*** Opening Supplied records ***
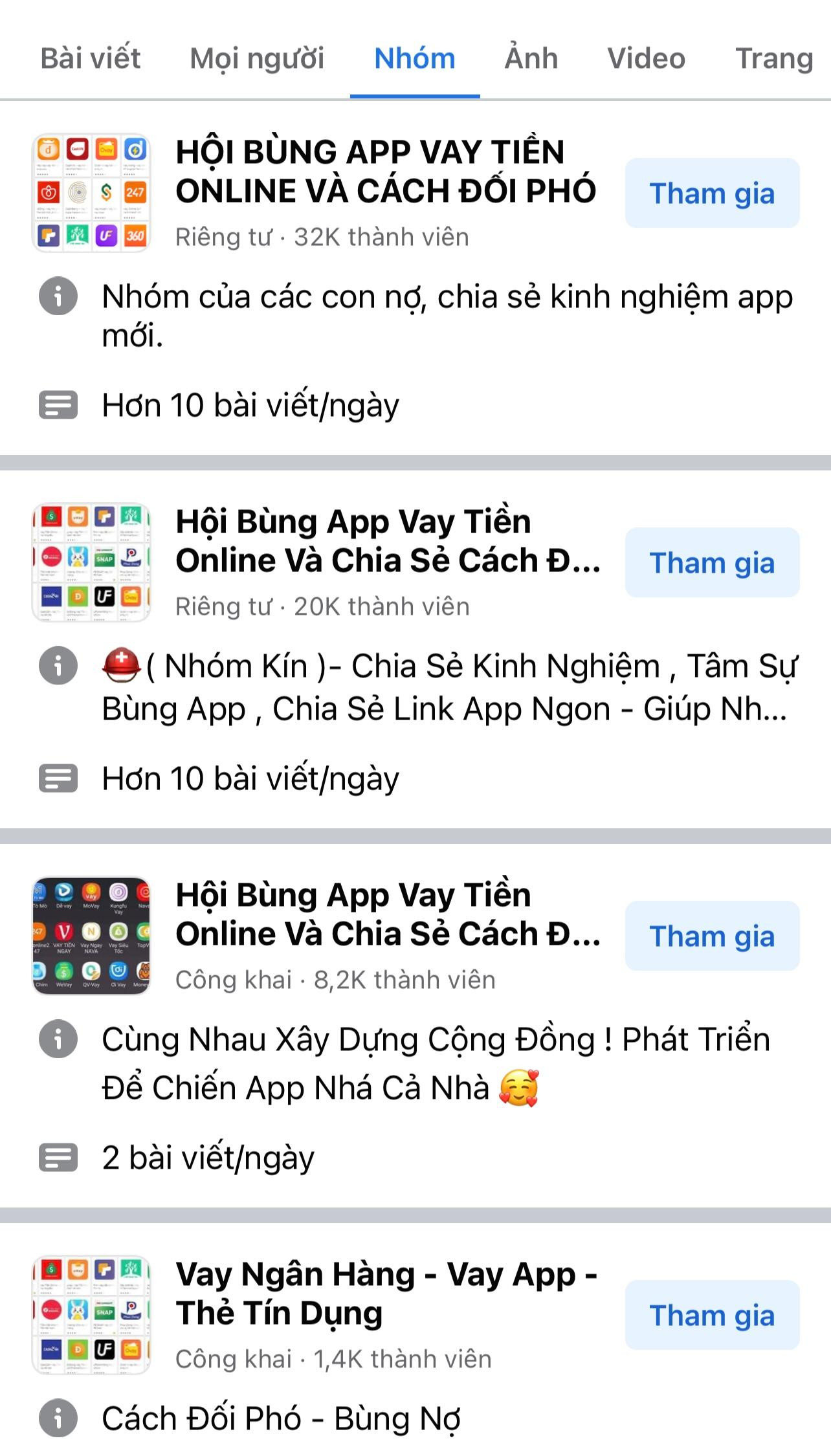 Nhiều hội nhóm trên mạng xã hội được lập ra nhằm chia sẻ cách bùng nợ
*** Closing Supplied records ***
*** Opening Supplied records ***
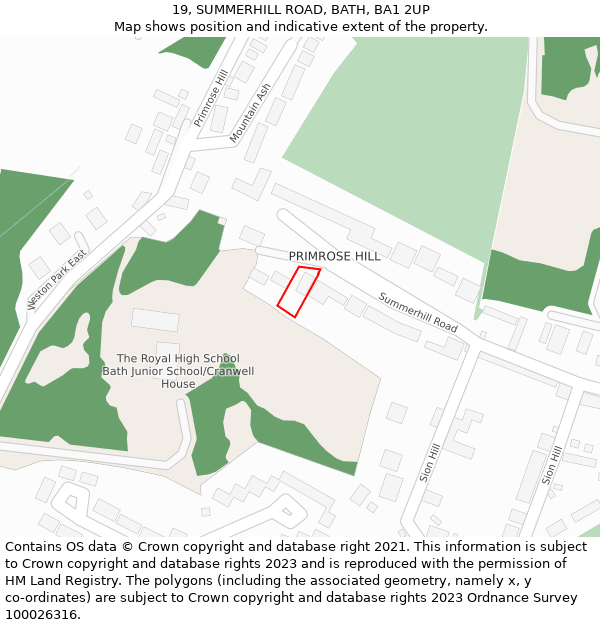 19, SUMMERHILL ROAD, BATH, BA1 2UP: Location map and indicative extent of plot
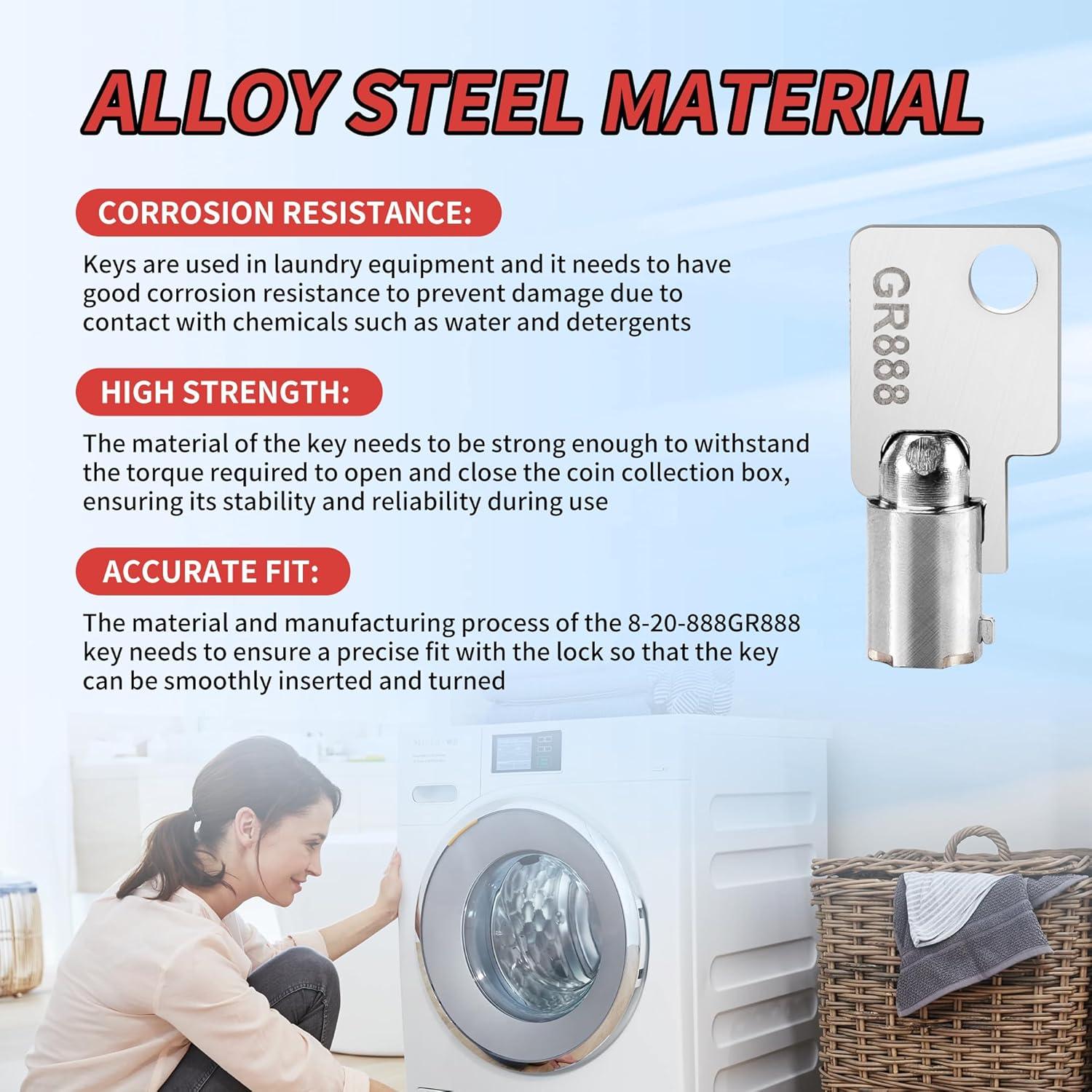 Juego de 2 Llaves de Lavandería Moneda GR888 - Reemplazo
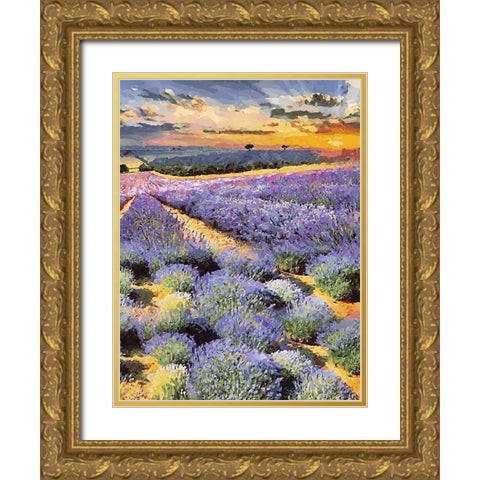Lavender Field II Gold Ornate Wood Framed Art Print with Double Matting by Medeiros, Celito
*** Closing Supplied records ***
For this exercise, transcribe exactly the part of the records above that opens with the line containing "Juego de 2 Llaves" and closes with the one containing "Lavender Field II". Pictures are not part of the copy.

Solution to this exercise:
 Juego de 2 Llaves de Lavandería Moneda GR888 - Reemplazo
Lavender Field II Gold Ornate Wood Framed Art Print with Double Matting by Medeiros, Celito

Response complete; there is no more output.